WHAT YOU NEED TO DO: Copy the lines from the start of the records below through the line containing "Poster - Futuristic", both included, and leave out the pictures.

SUPPLIED MATERIAL:
__________

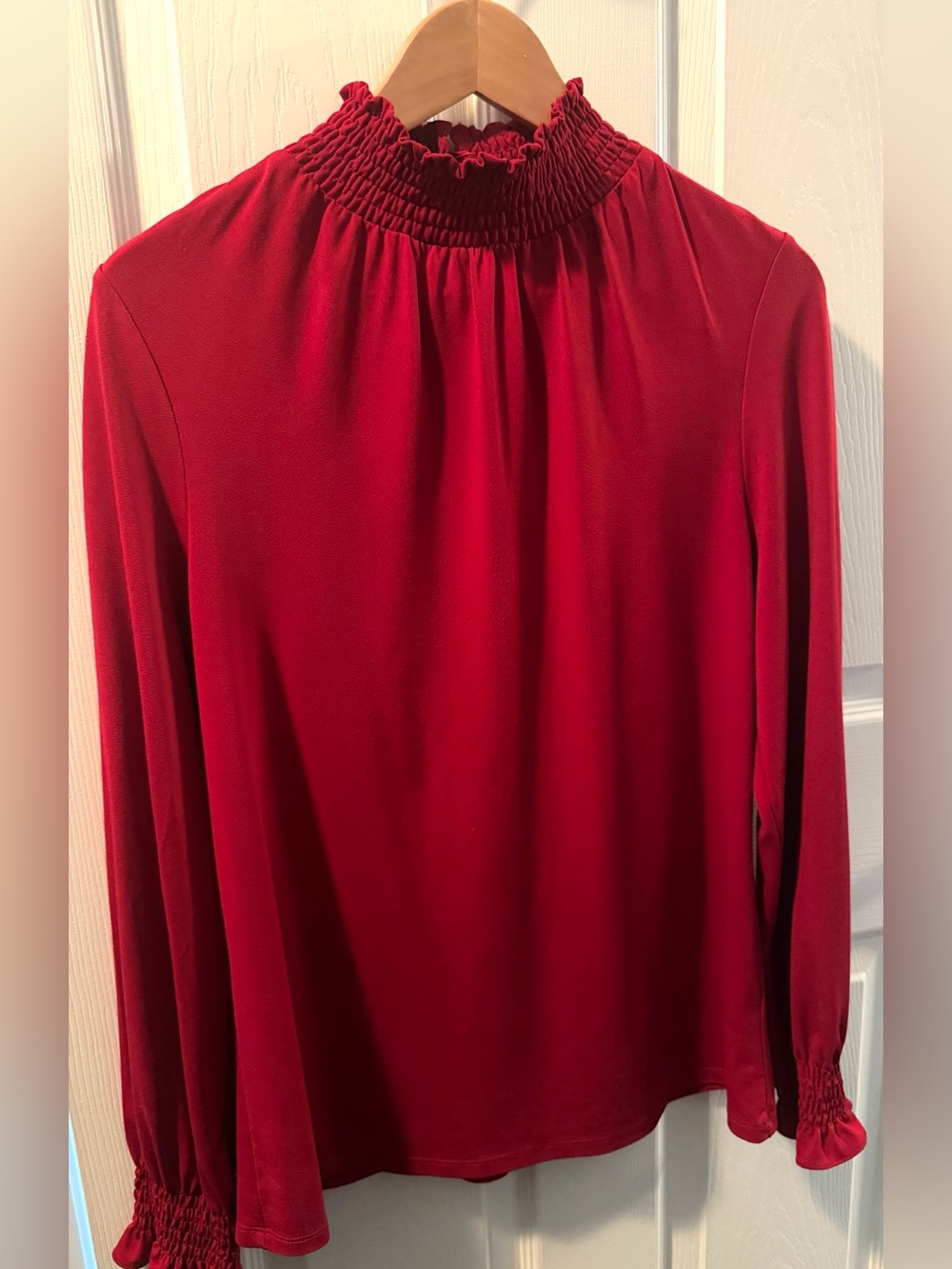 Women’s Smocked High-Neck Long Sleeve Top - Burgundy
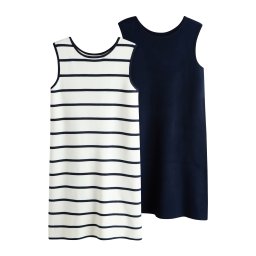 The Set Rochie crem / bleumarin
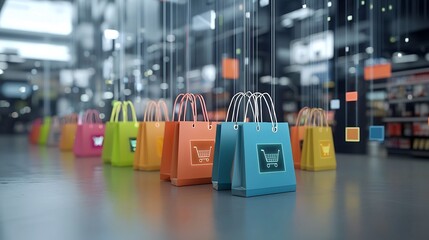 Poster - Futuristic scene showcasing multicolored shopping bags with neon like glowing details set against a dynamic background representing the modern online shopping experience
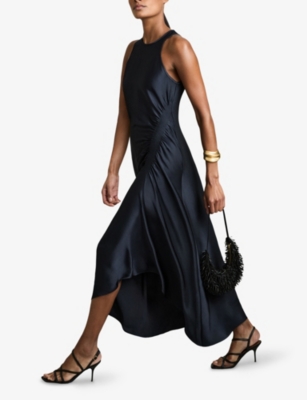 Reiss Womens Anessa Sleeveless Satin Midi Dress Navy In Navy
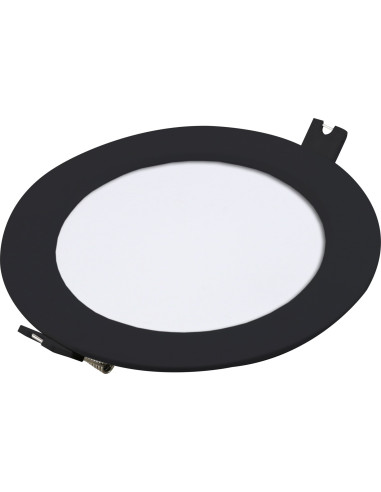 RABALUX Shaun2, indoor round recessed lamp, black plastic lamp 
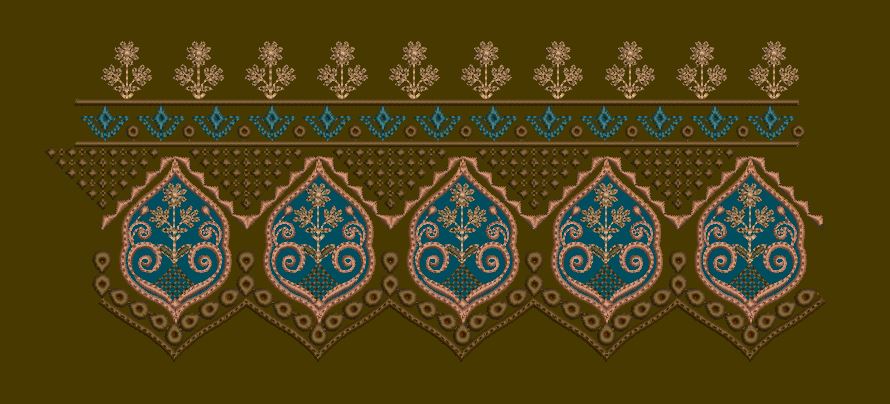 Turquoise Teardrop Arch Border Embroidery Design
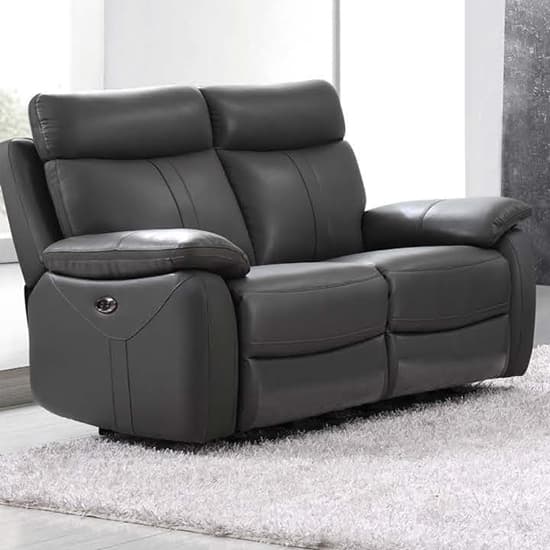 Colon Electric Leather Recliner 2 Seater Sofa In Dark Grey_1
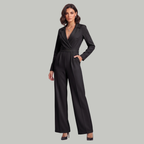 Elizabeth – Kvinno-jumpsuit med krage och vida ben
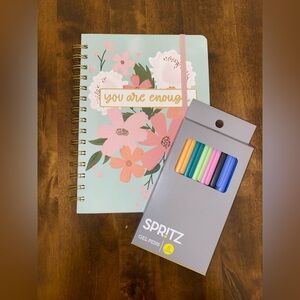 Threshold Spiral Journal with Gold Accents and Spritz 8 count Gel Pens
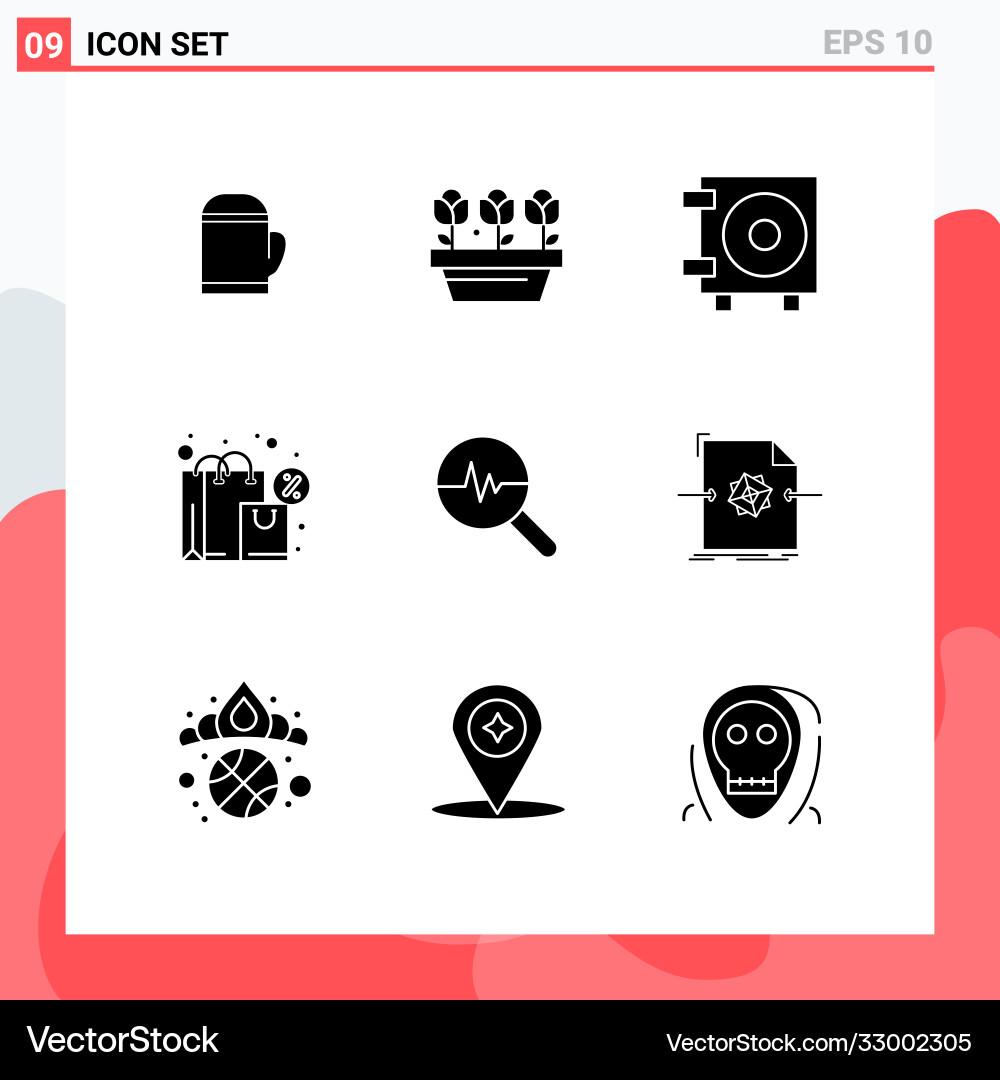 Pictograph set 9 simple solid glyphs graph Vector Image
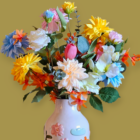 Kunstbloemen in Vaas "Fleur" Een explosie van kleur en Vreugde - Afbeelding 2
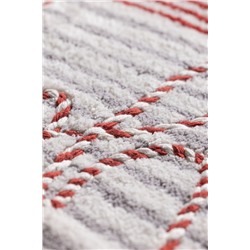 Fleuramour Banyo Paspas - Beyaz/Kırmızı/Gri - 50x80 cm
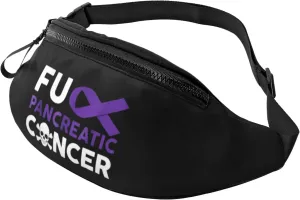 Fuck Pancreatic Cancer Unisex Adjustable Waist Bag Outdoor Sports Running Waist Bag Business Travel Phone Bag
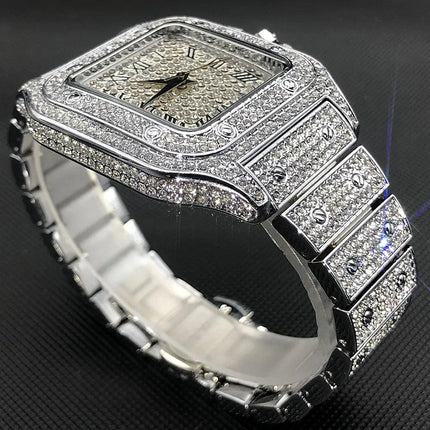 MISSFOX Ice Out Square Watch For Men Top Brand Luxury Full Diamond Mens Watches Ultra Thin Waterproof Hip Hop Clock Dropshipping - Viva Vista Store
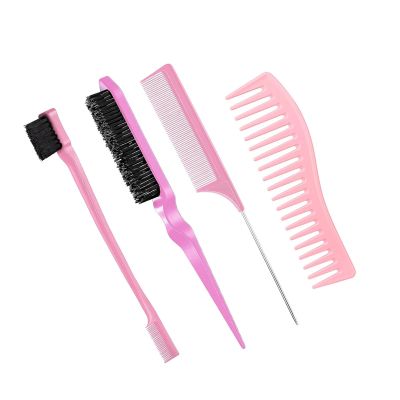WENH Hair Styling Comb Set, Teasing and Edge Brushes, Rat-Tail Comb, Pink, 4 Pieces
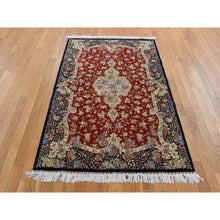 Load image into Gallery viewer, 4&#39;1&quot;x6&#39;4&quot; Ajax Red, Kashan Design, 400 KPSI, Pure Silk, Hand Knotted, Oriental Rug FWR485358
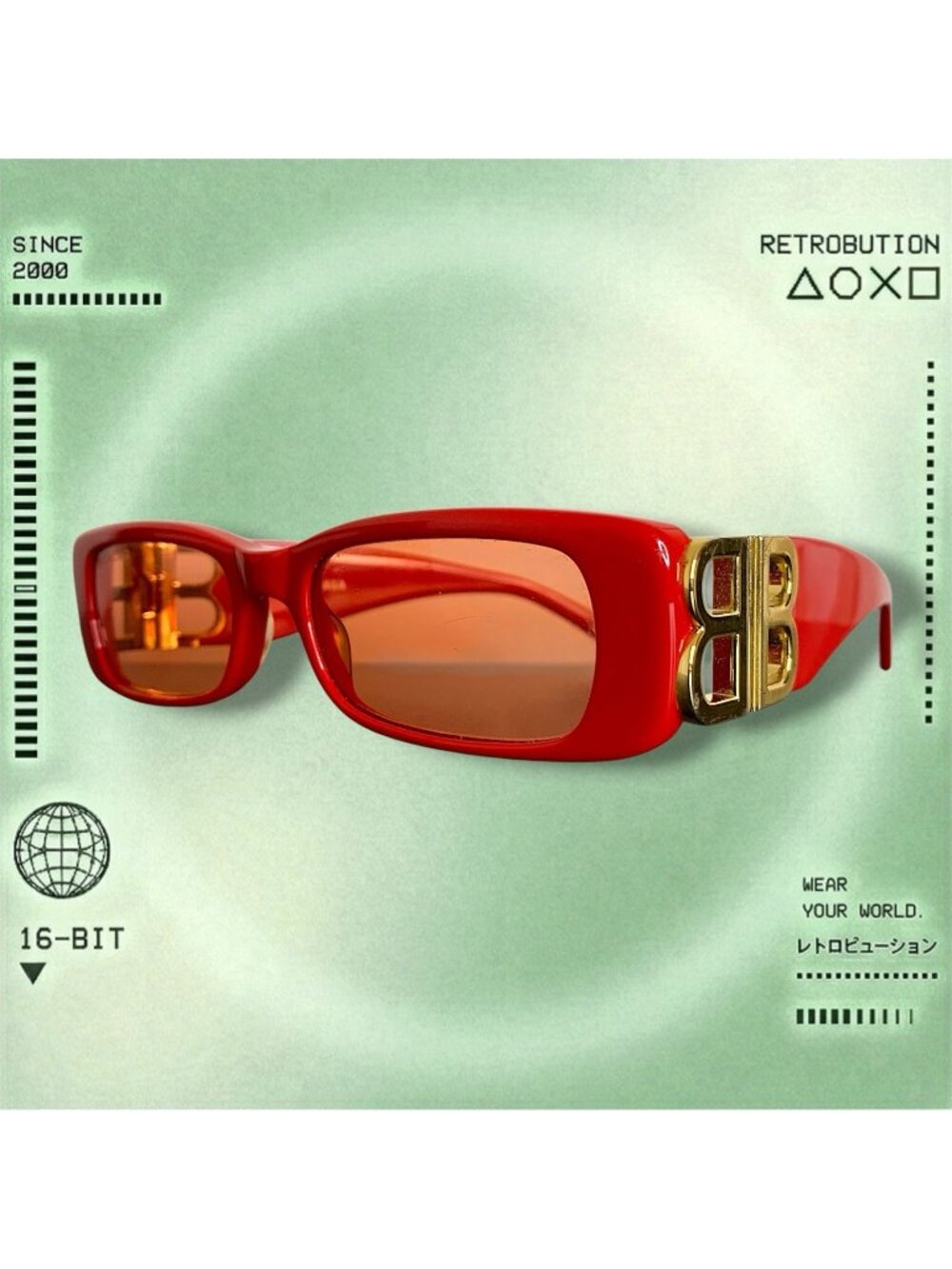 Balenciaga Dynasty 0096 Rectangle Frame Sunglasses Red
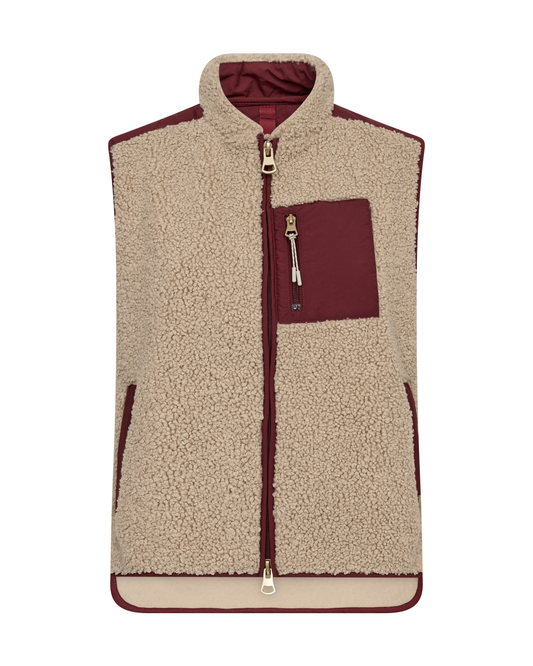 brown teddy fleece vest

__________

YOUR SOLUTION:
 Women’s Smocked High-Neck Long Sleeve Top - Burgundy
 The Set Rochie crem / bleumarin
 Poster - Futuristic scene showcasing multicolored shopping bags with neon like glowing details set against a dynamic background representing the modern online shopping experience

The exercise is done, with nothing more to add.